We camped one night in the Strathcona Park since it looked like the night was gonna be a dry one for a change. We found a wonderful spot at the Upper Campell Lake to put up our tent. The next morning we set out on a two day hike along the Elk River. So, we packed our two backpacks with everything we would need to spend some time in the lone wilderness and started hiking up through quiet forrests. After less than 20 steps light rain set in but we just kept going. It wasn't until two hours later that we realized…that we had forgotten to pack our stove fuel! How stupid! This meant: no chance of fixing a warm dinner (camp fires forbidden, and even if..all the wood was wet), not enough other food, and bad mood. We decided to return.

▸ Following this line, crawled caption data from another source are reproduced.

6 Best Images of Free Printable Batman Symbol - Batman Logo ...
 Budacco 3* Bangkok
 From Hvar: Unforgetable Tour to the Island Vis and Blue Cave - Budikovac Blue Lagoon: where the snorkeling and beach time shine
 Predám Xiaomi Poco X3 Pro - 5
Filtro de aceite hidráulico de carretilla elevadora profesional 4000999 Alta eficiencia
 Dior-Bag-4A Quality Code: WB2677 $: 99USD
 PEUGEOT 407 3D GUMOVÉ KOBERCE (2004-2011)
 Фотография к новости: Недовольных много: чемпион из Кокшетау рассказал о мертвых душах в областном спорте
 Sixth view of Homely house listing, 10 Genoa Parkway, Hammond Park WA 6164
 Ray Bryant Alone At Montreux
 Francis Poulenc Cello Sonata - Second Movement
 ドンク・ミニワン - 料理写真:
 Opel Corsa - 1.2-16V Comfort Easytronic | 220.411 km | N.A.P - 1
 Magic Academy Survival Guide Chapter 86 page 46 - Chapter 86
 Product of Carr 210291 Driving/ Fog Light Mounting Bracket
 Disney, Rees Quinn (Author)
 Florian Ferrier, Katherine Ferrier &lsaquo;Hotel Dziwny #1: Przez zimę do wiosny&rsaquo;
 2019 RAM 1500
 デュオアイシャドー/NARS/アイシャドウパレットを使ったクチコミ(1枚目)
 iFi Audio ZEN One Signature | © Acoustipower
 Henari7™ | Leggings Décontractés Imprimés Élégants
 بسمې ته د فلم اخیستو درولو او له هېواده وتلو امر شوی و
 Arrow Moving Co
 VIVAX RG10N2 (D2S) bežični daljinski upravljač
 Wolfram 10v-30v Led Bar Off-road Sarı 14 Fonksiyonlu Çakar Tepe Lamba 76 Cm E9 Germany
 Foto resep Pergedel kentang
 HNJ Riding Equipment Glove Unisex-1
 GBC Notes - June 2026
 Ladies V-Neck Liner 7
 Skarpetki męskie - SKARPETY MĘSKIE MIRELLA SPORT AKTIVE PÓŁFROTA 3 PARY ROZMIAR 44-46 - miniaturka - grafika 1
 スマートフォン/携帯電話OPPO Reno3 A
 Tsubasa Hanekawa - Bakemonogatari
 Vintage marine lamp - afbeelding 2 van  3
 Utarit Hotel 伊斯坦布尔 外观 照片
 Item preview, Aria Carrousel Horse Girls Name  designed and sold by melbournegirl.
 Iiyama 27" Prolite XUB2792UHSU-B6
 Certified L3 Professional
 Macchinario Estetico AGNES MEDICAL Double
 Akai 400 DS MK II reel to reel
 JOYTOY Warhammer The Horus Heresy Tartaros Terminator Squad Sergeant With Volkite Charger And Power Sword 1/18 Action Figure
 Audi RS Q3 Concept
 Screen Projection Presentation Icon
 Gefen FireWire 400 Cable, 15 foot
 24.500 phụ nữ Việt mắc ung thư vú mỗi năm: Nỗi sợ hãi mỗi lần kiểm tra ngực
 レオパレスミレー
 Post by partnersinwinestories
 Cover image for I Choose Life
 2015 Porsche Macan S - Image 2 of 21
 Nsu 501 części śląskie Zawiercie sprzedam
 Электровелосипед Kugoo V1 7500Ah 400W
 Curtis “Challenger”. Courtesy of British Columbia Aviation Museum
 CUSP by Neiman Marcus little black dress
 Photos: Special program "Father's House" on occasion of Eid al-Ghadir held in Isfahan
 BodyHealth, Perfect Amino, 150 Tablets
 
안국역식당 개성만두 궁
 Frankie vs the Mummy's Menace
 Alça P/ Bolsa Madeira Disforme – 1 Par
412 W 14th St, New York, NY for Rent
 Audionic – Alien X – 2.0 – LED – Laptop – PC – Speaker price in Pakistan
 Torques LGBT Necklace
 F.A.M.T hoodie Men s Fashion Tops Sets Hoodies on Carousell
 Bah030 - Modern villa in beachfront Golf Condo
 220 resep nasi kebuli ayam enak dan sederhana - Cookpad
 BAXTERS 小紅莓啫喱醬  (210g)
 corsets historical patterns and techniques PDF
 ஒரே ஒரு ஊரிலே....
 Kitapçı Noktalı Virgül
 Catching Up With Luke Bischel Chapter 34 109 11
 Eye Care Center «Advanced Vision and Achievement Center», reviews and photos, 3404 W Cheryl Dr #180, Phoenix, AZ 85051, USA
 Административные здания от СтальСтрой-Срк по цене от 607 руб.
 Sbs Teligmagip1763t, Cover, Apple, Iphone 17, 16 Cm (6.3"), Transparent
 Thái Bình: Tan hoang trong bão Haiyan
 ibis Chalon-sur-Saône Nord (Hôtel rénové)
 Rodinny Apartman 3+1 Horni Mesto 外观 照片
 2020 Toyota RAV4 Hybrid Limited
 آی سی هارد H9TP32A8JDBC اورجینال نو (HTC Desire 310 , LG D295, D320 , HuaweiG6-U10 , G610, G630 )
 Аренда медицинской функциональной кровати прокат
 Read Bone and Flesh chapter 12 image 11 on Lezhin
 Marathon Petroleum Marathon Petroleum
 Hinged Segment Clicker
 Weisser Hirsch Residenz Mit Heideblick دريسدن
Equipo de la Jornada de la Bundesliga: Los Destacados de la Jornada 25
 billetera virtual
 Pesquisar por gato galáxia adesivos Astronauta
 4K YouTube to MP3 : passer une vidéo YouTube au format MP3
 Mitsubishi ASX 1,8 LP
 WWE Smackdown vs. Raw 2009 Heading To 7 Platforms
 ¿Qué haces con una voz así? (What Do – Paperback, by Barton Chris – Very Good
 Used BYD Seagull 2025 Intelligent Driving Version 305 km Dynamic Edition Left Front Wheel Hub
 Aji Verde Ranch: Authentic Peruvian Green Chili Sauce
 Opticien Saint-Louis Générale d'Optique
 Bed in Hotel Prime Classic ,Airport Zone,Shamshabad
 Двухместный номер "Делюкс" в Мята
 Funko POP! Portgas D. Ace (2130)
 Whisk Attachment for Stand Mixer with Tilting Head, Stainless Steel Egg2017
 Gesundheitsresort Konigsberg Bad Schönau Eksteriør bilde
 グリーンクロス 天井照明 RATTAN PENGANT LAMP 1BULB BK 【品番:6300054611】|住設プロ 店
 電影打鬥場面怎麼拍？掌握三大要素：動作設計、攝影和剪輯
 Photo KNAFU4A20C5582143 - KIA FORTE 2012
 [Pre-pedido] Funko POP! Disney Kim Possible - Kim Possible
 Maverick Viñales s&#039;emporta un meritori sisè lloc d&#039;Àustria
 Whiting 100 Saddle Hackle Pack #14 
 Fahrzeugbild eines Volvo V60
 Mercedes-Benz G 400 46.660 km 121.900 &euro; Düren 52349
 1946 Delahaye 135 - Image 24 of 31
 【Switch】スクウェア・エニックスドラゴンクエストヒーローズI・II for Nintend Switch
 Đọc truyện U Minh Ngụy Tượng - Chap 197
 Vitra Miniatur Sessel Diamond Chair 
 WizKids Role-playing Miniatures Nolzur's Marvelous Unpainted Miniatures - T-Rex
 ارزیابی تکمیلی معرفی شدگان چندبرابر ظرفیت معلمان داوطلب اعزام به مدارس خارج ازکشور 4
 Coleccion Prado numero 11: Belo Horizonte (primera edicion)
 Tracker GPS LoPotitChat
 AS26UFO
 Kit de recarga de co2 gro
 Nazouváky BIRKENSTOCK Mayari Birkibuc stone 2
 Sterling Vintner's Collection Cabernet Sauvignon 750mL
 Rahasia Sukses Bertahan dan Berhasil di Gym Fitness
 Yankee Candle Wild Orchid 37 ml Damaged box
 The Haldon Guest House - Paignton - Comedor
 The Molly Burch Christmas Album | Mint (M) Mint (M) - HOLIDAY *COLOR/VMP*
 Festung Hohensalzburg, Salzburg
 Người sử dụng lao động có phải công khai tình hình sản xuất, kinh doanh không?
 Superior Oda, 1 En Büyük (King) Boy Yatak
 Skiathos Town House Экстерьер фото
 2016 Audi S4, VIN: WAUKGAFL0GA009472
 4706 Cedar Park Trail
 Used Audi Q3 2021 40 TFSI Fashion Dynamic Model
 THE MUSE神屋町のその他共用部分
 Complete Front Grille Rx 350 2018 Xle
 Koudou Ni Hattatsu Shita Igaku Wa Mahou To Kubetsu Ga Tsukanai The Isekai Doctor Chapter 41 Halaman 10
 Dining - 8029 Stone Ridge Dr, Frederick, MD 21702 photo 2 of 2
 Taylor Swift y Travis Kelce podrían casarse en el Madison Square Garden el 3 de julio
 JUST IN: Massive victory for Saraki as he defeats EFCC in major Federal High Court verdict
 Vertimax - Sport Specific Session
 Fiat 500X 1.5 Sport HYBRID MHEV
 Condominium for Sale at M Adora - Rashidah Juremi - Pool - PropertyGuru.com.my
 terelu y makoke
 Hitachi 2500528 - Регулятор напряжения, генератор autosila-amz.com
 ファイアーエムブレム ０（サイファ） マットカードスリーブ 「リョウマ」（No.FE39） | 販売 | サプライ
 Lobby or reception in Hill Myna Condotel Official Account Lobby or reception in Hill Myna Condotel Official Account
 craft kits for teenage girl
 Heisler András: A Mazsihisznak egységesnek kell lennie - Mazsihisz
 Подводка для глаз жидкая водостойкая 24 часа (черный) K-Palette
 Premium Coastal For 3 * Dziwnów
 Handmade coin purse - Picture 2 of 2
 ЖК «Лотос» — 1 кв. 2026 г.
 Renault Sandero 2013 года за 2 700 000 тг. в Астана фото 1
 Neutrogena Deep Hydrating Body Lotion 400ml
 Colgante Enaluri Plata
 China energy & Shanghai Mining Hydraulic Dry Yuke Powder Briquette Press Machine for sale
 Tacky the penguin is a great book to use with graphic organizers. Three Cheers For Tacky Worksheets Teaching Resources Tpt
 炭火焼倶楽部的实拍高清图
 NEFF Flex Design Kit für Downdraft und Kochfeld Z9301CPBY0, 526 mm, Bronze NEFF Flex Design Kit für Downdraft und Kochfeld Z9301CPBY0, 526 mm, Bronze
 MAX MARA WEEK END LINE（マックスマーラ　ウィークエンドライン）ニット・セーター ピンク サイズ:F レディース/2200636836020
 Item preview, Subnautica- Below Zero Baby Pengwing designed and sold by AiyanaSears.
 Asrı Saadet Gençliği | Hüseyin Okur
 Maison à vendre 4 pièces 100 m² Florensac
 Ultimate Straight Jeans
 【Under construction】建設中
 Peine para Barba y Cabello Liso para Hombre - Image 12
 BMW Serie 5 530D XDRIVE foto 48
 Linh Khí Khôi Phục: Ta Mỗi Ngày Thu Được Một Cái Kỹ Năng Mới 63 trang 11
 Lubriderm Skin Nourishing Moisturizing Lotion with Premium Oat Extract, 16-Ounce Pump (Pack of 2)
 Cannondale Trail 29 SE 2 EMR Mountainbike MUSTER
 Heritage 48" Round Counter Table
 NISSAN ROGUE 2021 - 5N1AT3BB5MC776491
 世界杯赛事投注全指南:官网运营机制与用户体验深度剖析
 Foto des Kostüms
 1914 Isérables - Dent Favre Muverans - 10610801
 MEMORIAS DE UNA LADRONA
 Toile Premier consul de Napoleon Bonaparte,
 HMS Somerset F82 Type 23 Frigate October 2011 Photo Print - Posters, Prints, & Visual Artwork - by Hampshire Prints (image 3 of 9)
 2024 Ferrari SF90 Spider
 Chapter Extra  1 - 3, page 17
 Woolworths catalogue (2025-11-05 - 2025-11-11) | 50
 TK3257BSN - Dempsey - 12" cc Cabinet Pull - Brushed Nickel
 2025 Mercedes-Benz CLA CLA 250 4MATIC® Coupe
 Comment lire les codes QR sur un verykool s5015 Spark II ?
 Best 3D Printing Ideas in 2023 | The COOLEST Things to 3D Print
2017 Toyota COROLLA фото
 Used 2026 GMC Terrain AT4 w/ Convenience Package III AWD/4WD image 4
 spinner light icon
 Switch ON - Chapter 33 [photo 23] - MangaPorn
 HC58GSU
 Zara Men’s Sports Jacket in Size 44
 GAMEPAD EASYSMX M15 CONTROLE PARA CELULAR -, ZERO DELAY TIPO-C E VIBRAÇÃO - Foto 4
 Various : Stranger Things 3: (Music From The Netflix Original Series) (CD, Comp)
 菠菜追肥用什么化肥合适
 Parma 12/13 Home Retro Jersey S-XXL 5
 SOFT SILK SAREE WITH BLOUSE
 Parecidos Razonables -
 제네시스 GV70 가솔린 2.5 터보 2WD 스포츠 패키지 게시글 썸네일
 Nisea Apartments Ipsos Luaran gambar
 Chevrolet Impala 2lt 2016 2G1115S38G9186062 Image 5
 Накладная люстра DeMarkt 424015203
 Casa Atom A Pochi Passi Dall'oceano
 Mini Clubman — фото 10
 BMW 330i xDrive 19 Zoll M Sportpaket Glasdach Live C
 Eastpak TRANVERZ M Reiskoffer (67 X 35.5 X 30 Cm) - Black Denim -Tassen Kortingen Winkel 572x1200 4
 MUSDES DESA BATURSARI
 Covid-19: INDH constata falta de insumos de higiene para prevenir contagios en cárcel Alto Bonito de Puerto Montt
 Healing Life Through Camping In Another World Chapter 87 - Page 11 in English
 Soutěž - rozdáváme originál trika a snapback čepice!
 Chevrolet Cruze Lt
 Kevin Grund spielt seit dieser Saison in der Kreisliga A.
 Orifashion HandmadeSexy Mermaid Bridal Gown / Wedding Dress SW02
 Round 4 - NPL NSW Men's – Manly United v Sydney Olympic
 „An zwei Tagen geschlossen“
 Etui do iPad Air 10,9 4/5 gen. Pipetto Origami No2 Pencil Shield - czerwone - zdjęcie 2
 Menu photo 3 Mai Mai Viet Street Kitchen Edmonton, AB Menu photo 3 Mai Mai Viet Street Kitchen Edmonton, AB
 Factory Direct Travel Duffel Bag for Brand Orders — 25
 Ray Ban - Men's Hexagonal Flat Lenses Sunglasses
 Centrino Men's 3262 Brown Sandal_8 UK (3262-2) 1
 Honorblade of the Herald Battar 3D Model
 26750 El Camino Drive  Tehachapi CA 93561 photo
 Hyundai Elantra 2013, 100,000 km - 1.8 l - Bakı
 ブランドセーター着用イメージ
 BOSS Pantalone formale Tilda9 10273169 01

That night we stayed at a logde again to dry our gear. Ok, next we tried to arrange our ferry trip to northern B.C. First we found out that services to Bella Coola only start on June 7th, which meant we would have to spend two more weeks on Vancouver Island. Not an option for us. The fiendly B.C. Ferries staff also told us that they had recently lost one of the two vessels operating those northern passages. As a result this means that the only vessel left is booked until August. That's three months from now. Awful!
So, our trip is ful of surprises. Given the circumstances we decided to take the ferry back to Vancouver and head north towards Whistler. We didn't wanna drive into Whistler directly, though. Too many other tourists -> too expensive.
We're currently at a wonderful hostel in Squamish about 30 minutes south of Whistler. We like it here and might even stay a couple of days. We'll just see day by day.